Begegnung im Herbst

Aaron Pilsan (Foto: Franck Juery / Naïve)

Aaron Pilsan (Foto: Franck Juery / Naïve)

Der Text entstand für das CD-Booklet bei Naive

Im Februar hörte ich Aaron Pilsan zum ersten Mal. Im prachtvollen Schubert-Saal des Konzerthauses gab er an der Seite von Schauspielerin Dörte Lyssewski sein Wien-Debüt. Gemeinsam gestalteten sie eine Matinee im Rahmen des Zyklus „Musik und Dichtung“ – sie las aus Arthur Schnitzlers Erzählung „Der Mörder“, er spielte Brahms und Schönberg. Kein Virtuosenfutter, sondern Musik, die zwischen versunkener Wehmut, keckem Schelm und dämonischem Schrecken, tief in die Abgründe der menschlichen Seele blicken ließ. Pilsan war gerade neunzehn geworden, ein schlanker Jüngling mit Smoking und Fliege, dunklem dichten Haar und einem schüchternen Lächeln auf den Lippen. Der Saal war bis in die hintersten Reihen gefüllt, sogar auf der Bühne hatte man Sesseln platziert, und die Mittagssonne schien den Menschen ins Gesicht, sodass manche ihre Augen schlossen, damit sie nicht geblendet werden. Als Aaron Pilsan die Bühne betrat, ging plötzlich ein Rascheln durch den Saal. Wer war dieser junge Mann?

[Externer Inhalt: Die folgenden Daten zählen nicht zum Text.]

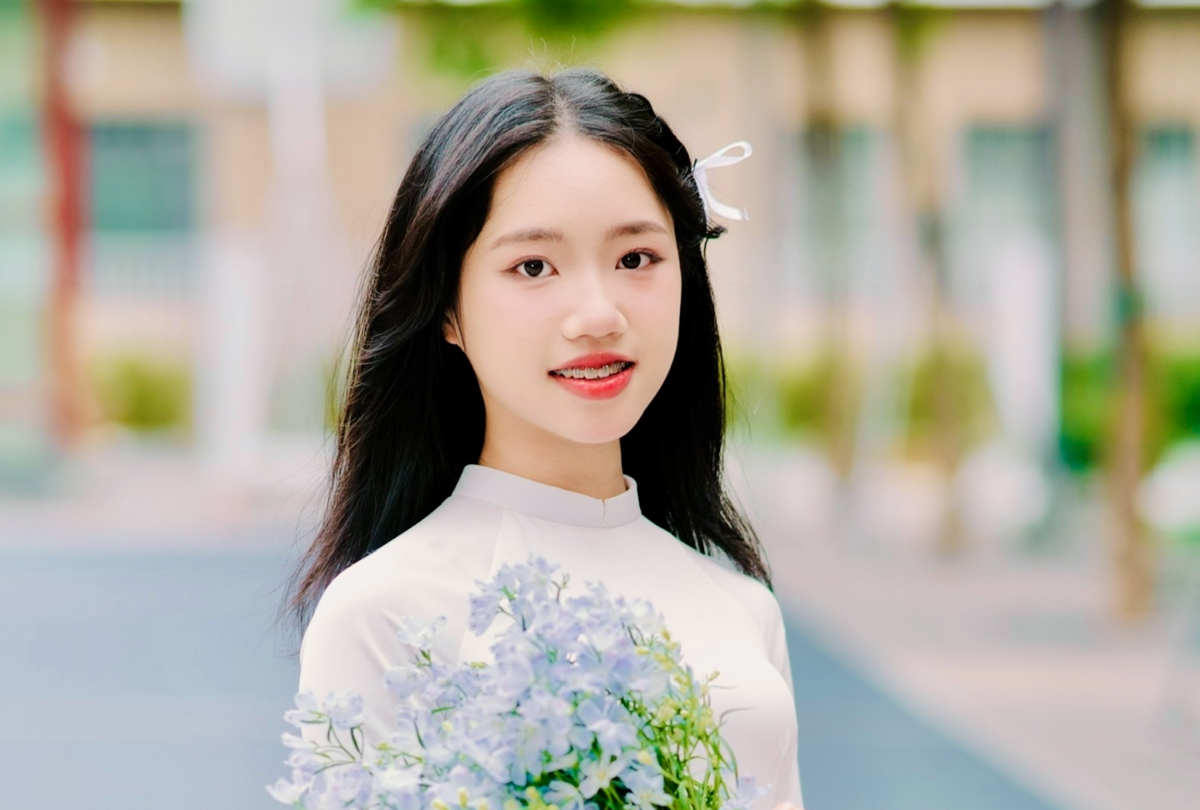 Cô bé nhút nhát thành thủ khoa chuyên Văn toàn Hà Nội, đỗ 3 trường chuyên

Aaron Pilsan blickte ins Publikum und wartete geduldig bis es endlich still geworden war, senkte den Kopf während die Hände ganz leicht die Tasten berührten, als wollte er die Klänge erst erfühlen. Nach den ersten Tönen spürte man, dass hier etwas ganz Besonderes geschah: eine Begegnung, die aus dem Inneren des Musikers kommt und aus dem direkten Dialog mit dem Instrument und dem Publikum entsteht. Nennen wir es das Wunder Musik, weil sie unser Herz und unsere Seele so unmittelbar berührt.

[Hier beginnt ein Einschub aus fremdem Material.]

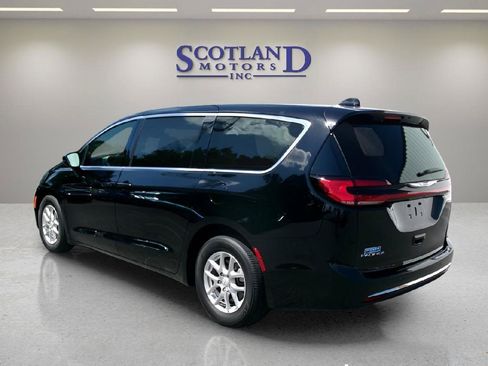 Used 2025 Chrysler Pacifica Select FWD image 8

Nach dem Konzert besuchte ich Aaron Pilsan im Künstlerzimmer, wir waren zum Mittagessen verabredet. In Jeans und T-Shirt wirkte er jünger, kindlicher. Er fragte mich, wie ich die Akustik im Saal empfunden und ob er nicht zu leise gespielt hatte. Nein, sagte ich, denn es war schön gewesen, Brahms´ Balladen endlich wieder in ihrer wunderbaren Schlichtheit zu hören, einfühlsam und ohne falschen Pathos. Aaron Pilsan versteht es auf seinem Instrument Geschichten zu erzählen. Ein ist ein sensibel interpretierender Tastendenker, bei dem die emotionalen Ausbrüche wohl dosiert erscheinen. Beim Essen frage ich ihn nach der richtigen Balance zwischen Klang und Technik. Er sprach von der Freiheit der Interpretation, um dem Moment der Inspiration Raum zu geben. So etwas lasse sich nicht bis ins letzte Detail planen. „Wie ich damit umgehe, hängt vor allem von meiner Intuition ab“.

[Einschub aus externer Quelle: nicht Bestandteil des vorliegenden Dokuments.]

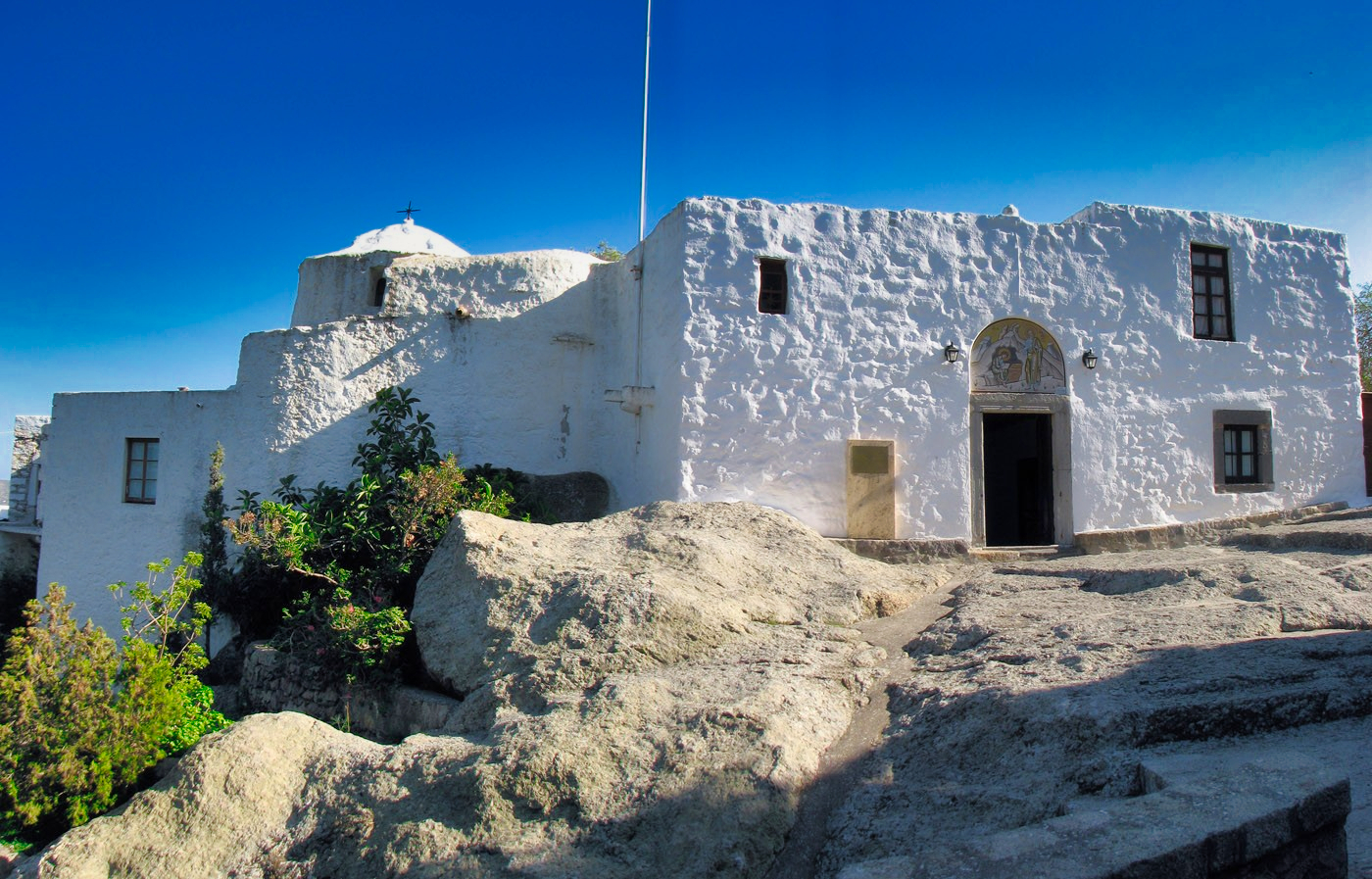 Patmos-Monastery-of-the-Apocolypse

Aaron Pilsan wurde in Dornbirn geboren, einer Stadt in Vorarlberg, dem westlichsten Zipfel Österreichs. Sie ist von Berggipfeln und Flüssen umgeben, ein herrliches, im Sommer saftig grünes Wandergebiet am Fuße des Bregenzerwaldes. Pilsans Mutter lernte ihren Mann, Aarons Vater, in Rumänien kennen. Er arbeitete damals als Reiseleiter in Bukarest und sie verliebte sich in ihn, als er ihr die Sehenswürdigkeiten der Stadt erklärte. Aaron war ein aufgewecktes und fröhliches Kind, das sich gerne Melodien ausdachte und sie vor sich hinsummte. Seine erste Unterweisung am Klavier erhielt er im Alter von fünf Jahren bei Iván Kárpáti an der Musikschule in Dornbirn. Klavierspielen macht ihm Spaß, die kleinen Vorspielabende ebenso, vom Drill vieler hochbegabter Kinder keine Spur. Aaron will damals Busfahrer, Pilot oder Erfinder werden, so wie die meisten Buben, wenn sie klein sind. Und er spielt so gut Schach, das er bald in der Staatsliga mitmischt. Mit zwölf Jahren spielt Aaron Pilsan Karl-Heinz Kämmerling bei einem Meisterkurs im benachbarten Lindau vor. „Warst du aufgeregt?“, frage ich ihn. „Nicht besonders“, antwortet er. „Hat es Kämmerling gefallen?“ Aaron Pilsan lächelt schelmisch. „’Schon gar nicht schlecht, aber noch lange nicht gut’, hat er zu mir gesagt und gemeint, ich solle zu ihm nach Salzburg kommen und die Aufnahmeprüfung am Mozarteum machen“.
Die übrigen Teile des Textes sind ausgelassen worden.